1. Identify three key findings in recent interpreting research on the topic of stress and attrition
2. Explain the constructs of emotional labor, surface acting and deep acting
3. Identify three new ideas for one’s own professional development which can be normative, formative, and restorative in nature
Target Audience: Certified and Pre-certified interpreters, ASL Students and Teachers in Deaf Education.
Contact Anne Dawson email@example.com if you have questions regarding registration and/or accommodation requests. All workshops will be conducted in ASL. English interpretation will be provided.
Alaska RID is an equal opportunity organization committed to the principle of equal opportunity in education. AKRID does not discriminate against individuals on the basis of race, color, sex, gender identity, sexual orientation, religion, age, national origin or disability in the administration of its educational policies, scholarships, programs and activities.
Daniel Maffia is the interpreting program director, practicum coordinator, and a senior lecturer with the department of American Sign Language and English Interpreting Department’s Interpreter Education Program at the National Technical Institute for the Deaf teaching at both the Bachelors and Master's degree level. He obtained his bachelor's degree in Interpreting at the Rochester Institute of Technology in 2009. In 2010 he became certified and in 2014 earned his Masters in Interpreting Studies with an emphasis in Teaching Interpreting from Western Oregon University. Previously Daniel served as a staff interpreter in the Department of Access Services at the Rochester Institute of Technology. Daniel continues interpreting in the Video Relay, Community, and healthcare settings. Daniel is also the co-author of the Introduction to VRS Curriculum Guide book. He has shown his commitment to the field by serving on various boards both local and national for RID, as well as most recently on the board for CCIE. Daniel’s research interests relate to reflective practice and Demand-Control Schema, in which he presents workshops for interpreters nationally and internationally. Lastly in his spare time Daniel is a certified personal and group exercise trainer through the National Academy of Sports Medicine.

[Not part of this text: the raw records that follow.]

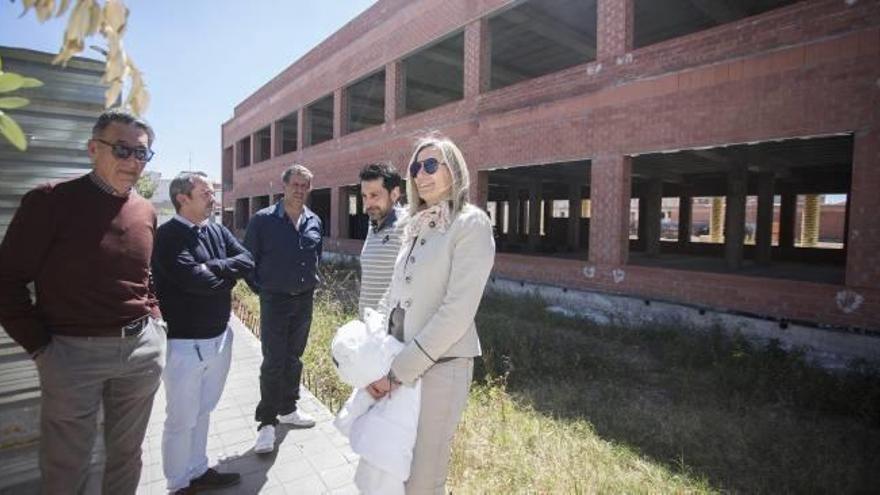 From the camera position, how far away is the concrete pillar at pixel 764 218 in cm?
1449

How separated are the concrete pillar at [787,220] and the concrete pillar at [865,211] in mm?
15336

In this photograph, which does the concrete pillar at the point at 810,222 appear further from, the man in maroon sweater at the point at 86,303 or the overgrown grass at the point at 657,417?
the man in maroon sweater at the point at 86,303

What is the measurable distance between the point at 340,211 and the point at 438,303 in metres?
15.6

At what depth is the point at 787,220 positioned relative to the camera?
Result: 19703 millimetres

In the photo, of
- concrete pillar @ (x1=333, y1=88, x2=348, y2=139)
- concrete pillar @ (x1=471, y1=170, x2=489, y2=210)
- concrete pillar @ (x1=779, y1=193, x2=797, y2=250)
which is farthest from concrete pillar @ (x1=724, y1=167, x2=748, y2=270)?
concrete pillar @ (x1=333, y1=88, x2=348, y2=139)

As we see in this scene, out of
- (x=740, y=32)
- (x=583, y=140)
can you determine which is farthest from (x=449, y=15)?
(x=740, y=32)

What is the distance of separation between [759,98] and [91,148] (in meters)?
8.11

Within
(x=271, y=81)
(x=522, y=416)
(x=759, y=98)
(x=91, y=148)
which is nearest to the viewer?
(x=91, y=148)

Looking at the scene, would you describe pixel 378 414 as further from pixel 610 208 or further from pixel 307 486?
pixel 610 208

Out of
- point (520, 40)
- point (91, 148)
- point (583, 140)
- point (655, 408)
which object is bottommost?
point (655, 408)

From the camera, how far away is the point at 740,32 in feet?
23.2

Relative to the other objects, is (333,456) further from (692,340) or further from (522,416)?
(692,340)

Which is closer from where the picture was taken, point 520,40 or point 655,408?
point 655,408

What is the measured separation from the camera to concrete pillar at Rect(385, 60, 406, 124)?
13827 mm
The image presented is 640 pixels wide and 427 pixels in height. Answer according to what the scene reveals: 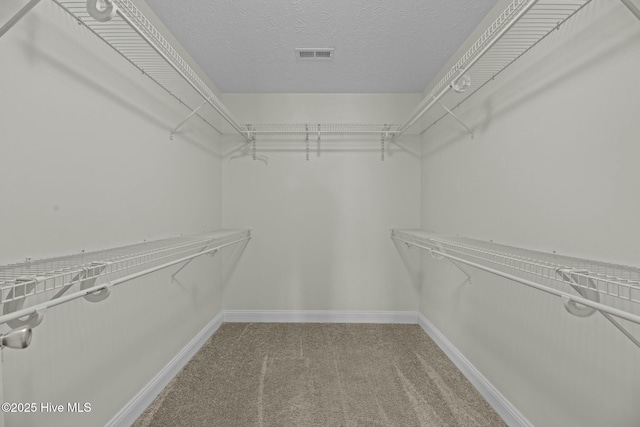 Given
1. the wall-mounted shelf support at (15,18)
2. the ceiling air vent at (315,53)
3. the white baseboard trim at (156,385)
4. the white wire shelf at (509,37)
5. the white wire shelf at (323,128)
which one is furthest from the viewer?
the white wire shelf at (323,128)

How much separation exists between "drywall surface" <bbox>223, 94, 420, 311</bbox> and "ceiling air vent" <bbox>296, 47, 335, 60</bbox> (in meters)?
0.62

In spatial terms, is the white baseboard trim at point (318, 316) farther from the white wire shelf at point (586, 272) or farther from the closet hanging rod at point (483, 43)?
the closet hanging rod at point (483, 43)

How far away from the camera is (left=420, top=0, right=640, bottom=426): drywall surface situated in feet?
2.91

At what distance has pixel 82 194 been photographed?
110cm

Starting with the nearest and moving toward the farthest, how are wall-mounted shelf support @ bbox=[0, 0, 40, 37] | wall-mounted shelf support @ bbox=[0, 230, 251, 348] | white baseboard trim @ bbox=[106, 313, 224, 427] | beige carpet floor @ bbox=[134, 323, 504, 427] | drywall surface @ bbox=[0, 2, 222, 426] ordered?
1. wall-mounted shelf support @ bbox=[0, 230, 251, 348]
2. wall-mounted shelf support @ bbox=[0, 0, 40, 37]
3. drywall surface @ bbox=[0, 2, 222, 426]
4. white baseboard trim @ bbox=[106, 313, 224, 427]
5. beige carpet floor @ bbox=[134, 323, 504, 427]

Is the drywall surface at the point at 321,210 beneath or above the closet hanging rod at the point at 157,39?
beneath

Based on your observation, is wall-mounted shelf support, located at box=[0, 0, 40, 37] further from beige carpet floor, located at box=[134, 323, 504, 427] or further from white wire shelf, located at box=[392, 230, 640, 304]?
beige carpet floor, located at box=[134, 323, 504, 427]

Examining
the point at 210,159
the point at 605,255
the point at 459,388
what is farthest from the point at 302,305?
the point at 605,255

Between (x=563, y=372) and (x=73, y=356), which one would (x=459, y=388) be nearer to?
(x=563, y=372)

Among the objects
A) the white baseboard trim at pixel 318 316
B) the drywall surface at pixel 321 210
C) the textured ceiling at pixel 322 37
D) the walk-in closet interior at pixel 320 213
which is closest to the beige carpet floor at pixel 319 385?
the walk-in closet interior at pixel 320 213

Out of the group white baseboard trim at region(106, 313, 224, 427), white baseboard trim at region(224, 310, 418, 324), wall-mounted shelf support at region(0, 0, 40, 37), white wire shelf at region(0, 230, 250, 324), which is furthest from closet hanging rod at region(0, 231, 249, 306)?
white baseboard trim at region(224, 310, 418, 324)

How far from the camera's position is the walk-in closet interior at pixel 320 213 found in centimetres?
90

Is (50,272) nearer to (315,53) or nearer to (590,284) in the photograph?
(590,284)

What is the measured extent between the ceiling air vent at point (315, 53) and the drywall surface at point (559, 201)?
1.06 meters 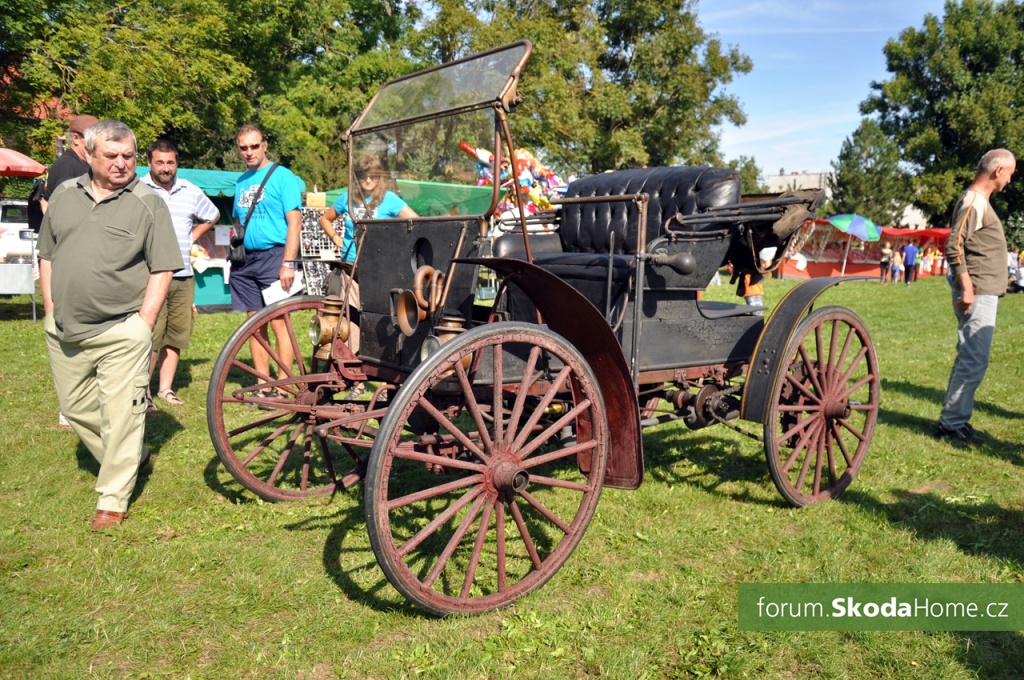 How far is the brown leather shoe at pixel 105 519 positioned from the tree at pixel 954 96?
43.9 meters

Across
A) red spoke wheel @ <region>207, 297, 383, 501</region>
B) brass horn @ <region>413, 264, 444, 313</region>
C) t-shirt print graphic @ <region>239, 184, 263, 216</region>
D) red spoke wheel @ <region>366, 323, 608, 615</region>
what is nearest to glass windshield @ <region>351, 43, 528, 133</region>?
brass horn @ <region>413, 264, 444, 313</region>

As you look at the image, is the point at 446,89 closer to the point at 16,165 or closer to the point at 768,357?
the point at 768,357

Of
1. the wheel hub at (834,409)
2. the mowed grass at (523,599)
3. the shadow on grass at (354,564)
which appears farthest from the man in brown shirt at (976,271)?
the shadow on grass at (354,564)

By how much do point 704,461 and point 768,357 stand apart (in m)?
1.31

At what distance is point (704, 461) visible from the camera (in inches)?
201

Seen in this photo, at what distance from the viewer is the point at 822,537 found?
3.82 m

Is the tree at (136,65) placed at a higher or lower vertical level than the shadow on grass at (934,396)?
higher

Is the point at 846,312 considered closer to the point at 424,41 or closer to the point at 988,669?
the point at 988,669

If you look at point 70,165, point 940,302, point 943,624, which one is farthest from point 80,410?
point 940,302

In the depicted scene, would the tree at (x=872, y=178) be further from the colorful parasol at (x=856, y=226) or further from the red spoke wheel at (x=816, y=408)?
the red spoke wheel at (x=816, y=408)

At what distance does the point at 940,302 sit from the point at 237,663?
17.7 metres

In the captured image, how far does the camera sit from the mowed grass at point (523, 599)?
9.07ft

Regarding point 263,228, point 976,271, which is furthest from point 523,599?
point 976,271

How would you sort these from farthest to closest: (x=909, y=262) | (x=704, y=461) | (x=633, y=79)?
(x=633, y=79)
(x=909, y=262)
(x=704, y=461) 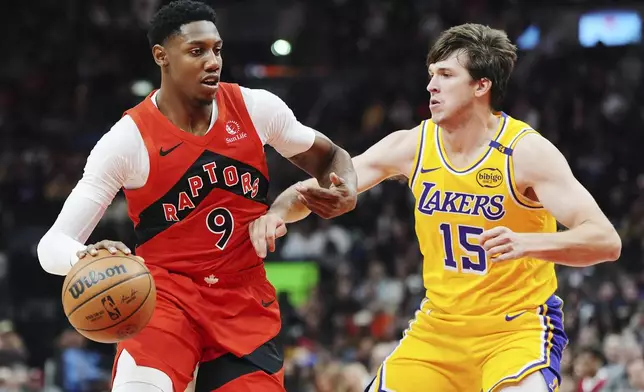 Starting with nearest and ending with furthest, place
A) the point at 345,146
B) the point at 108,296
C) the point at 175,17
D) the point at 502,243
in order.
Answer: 1. the point at 108,296
2. the point at 502,243
3. the point at 175,17
4. the point at 345,146

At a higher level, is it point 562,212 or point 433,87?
point 433,87

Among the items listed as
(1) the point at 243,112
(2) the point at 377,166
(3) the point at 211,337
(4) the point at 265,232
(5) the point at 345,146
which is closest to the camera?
(4) the point at 265,232

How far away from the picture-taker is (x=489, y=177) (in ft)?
16.3

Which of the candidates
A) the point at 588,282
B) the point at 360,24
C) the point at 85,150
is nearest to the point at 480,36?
the point at 588,282

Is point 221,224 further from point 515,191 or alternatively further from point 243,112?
point 515,191

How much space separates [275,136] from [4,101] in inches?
584

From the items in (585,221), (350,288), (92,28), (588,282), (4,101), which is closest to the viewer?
(585,221)

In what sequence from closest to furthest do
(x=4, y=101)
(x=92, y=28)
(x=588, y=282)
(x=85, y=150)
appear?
(x=588, y=282) → (x=85, y=150) → (x=4, y=101) → (x=92, y=28)

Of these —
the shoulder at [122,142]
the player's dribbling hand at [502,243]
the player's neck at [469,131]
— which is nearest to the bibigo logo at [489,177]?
the player's neck at [469,131]

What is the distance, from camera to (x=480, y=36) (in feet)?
17.3

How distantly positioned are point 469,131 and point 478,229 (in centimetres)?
53

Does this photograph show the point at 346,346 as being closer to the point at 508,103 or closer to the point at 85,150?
the point at 508,103

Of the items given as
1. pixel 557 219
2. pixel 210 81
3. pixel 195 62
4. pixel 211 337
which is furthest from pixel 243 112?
pixel 557 219

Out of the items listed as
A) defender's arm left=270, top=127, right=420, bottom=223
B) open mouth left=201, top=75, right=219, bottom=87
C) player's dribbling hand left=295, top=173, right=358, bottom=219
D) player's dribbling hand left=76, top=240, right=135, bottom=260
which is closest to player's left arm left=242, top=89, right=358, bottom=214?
player's dribbling hand left=295, top=173, right=358, bottom=219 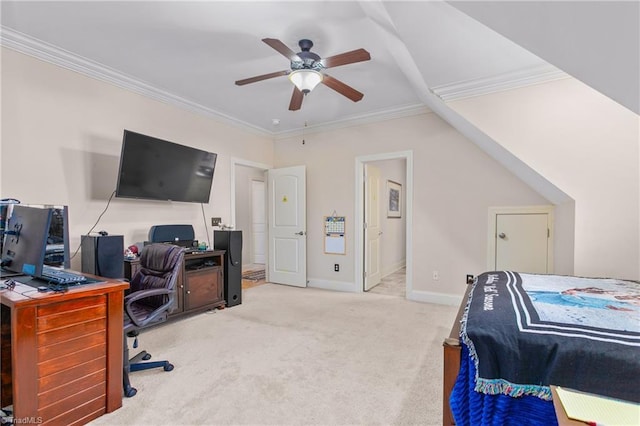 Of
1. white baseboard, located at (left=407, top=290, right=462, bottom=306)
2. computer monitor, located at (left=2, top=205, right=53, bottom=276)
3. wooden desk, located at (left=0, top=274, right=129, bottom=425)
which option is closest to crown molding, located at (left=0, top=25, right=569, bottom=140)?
computer monitor, located at (left=2, top=205, right=53, bottom=276)

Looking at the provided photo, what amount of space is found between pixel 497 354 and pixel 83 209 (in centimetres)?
351

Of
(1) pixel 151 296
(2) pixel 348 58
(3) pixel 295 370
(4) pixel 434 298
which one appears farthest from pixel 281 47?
(4) pixel 434 298

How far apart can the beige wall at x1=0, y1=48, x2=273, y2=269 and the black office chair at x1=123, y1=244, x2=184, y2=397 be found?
106 cm

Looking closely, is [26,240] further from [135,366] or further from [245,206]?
[245,206]

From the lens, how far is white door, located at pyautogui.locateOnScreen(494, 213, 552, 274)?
3287 millimetres

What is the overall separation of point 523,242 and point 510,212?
0.36m

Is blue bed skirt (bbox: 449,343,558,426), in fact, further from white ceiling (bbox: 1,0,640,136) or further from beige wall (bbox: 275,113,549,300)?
beige wall (bbox: 275,113,549,300)

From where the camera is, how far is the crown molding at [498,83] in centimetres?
241

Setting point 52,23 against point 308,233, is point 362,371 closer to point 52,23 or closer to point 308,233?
point 308,233

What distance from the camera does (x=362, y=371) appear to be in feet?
7.22

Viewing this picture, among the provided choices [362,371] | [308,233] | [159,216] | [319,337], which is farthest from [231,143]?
[362,371]

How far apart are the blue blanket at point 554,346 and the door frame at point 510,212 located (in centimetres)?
197

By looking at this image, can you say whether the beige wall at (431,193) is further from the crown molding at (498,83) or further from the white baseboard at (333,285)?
the crown molding at (498,83)

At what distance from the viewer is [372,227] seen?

Robyn K. Dean, CI/CT, PhD has been a nationally certified signed language interpreter for over thirty years with particular service in the field of healthcare. Her scholarship in decision-making and ethics in community interpreting is recognized internationally. Dr. Dean has over twenty publications, all of which focus on the theoretical and pedagogical frameworks used to advance the practice of community interpreters. Dr. Dean is currently an Associate Professor at the Rochester Institute of Technology, where she is the lead instructor on the Institute’s postgraduate degree in healthcare interpretation.
Robert Pollard, Ph.D., is a Clinical Professor of Psychiatry at the University of Rochester School of Medicine, where he founded the Deaf Wellness Center, a mental health service, research, and training program, in 1990. He also served as Professor and Associate Dean of Research at the National Technical Institute for the Deaf from 2016 to 2022. Dr. Pollard has particular expertise regarding deaf persons and mental health, sign language interpreting, and deaf population public health issues. He has served as an expert witness in more than 130 criminal and civil cases involving deaf persons. He has delivered over 300 invited addresses throughout the U.S. and abroad. He has been principal investigator on numerous grants totaling over $6.5 million, authored or co-authored over 100 publications, including three books, and produced 19 films in American Sign Language. Dr. Pollard’s work has been recognized with many national and international awards and honors, including several from the American Psychological Association.
Trainings will be conducted in English ASL Interpretation will be provided.